Puis vint la grave question du costume. La toilette thibétaine, c’est-à-dire le casque en peau de loup et la longue tunique en pelleterie, n’était plus de mise dans le Sse-tchouen. Les Chinois n’auraient eu qu’une fort piètre idée de gens aussi mal vêtus. Les voyageurs se firent donc confectionner de belles robes bleu de ciel, selon la dernière mode de Pékin, et ils chaussèrent de magnifiques bottes en satin noir ornées de hautes semelles. Ils auraient pu à la rigueur se contenter de cet accoutrement, qui devait commander partout la considération et le respect; ils imaginèrent cependant d’y joindre une large ceinture rouge et une calotte jaune brodée, du sommet de laquelle pendaient de longs épis de soie rouge. Pour le coup, les mandarins de Ta-tsien-lou trouvèrent l’idée exorbitante.
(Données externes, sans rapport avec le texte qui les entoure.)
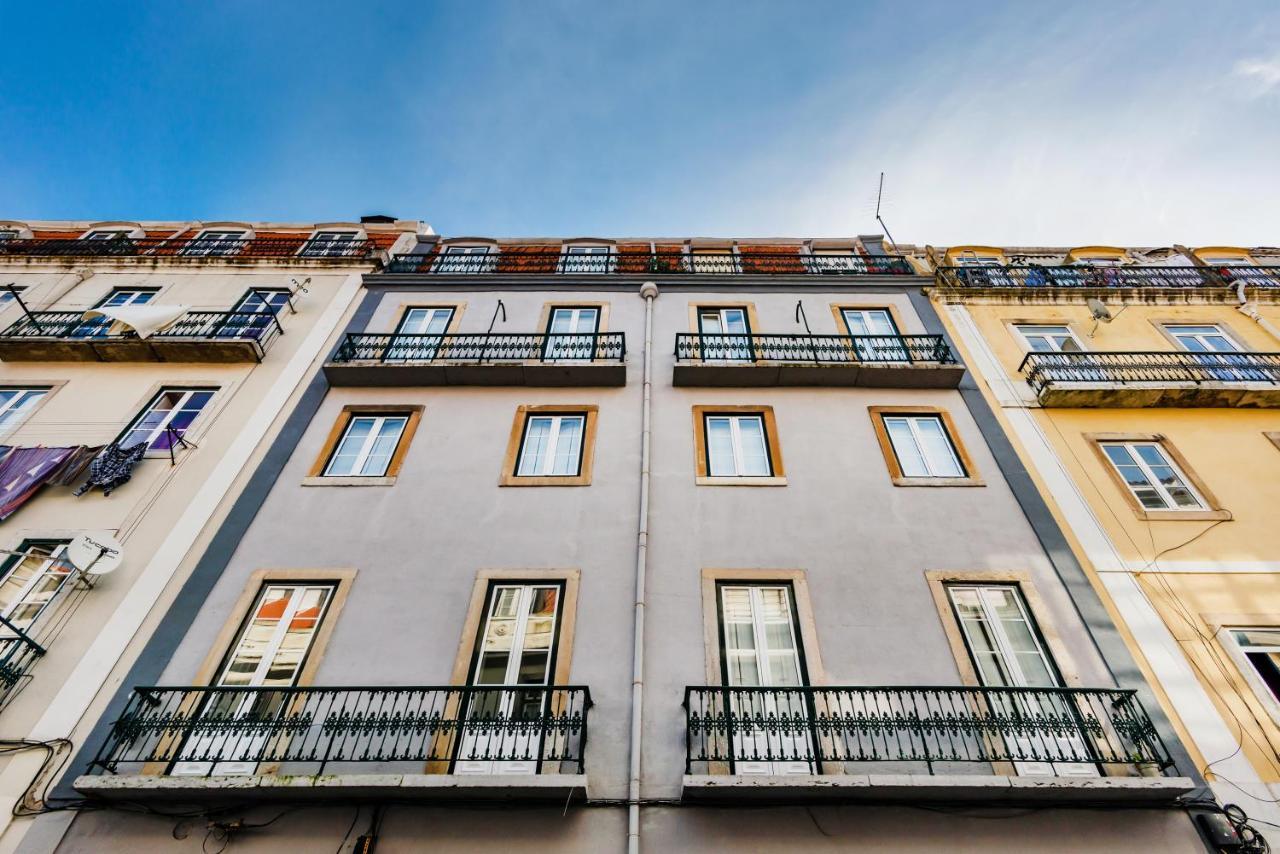 Olarias Terrace Lisbon公寓 外观 照片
Une ceinture rouge, un bonnet jaune! mais ce sont là les attributs de la famille impériale ! Le livre des rites est formel sur ce point. Impossible de tolérer une infraction aussi monstrueuse aux lois, aux coutumes et aux costumes de l’empire; il faut ôter ceinture et bonnet. Bref, ce fut autour des deux Européens une véritable émeute. M. Huc déclara qu’en sa qualité d’étranger il demeurait libre de s’habiller à sa guise, et qu’il ne ferait plus un pas sans avoir sa ceinture rouge et sa calotte jaune. Ce dernier argument était péremptoire, car les mandarins désiraient par-dessus tout être débarrassés d’hôtes aussi incommodes. Ceux-ci purent donc s’éloigner triomphalement de Ta-tsien-lou dans leurs palanquins et avec les vêtemens que vous savez.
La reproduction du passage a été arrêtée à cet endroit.